#### EXERCISE AIM
For the material that follows, return exactly the lines from the one with "Polícia Penal doa" through the one with "Building Photo - 2", both ends included.

___ INPUT MATERIAL

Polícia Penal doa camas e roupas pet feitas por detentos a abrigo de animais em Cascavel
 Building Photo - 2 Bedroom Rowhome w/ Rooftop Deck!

______
___ INPUT MATERIAL

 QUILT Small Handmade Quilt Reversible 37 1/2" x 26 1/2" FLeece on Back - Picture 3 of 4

______

#### TASK OUTPUT
Polícia Penal doa camas e roupas pet feitas por detentos a abrigo de animais em Cascavel
 Building Photo - 2 Bedroom Rowhome w/ Rooftop Deck!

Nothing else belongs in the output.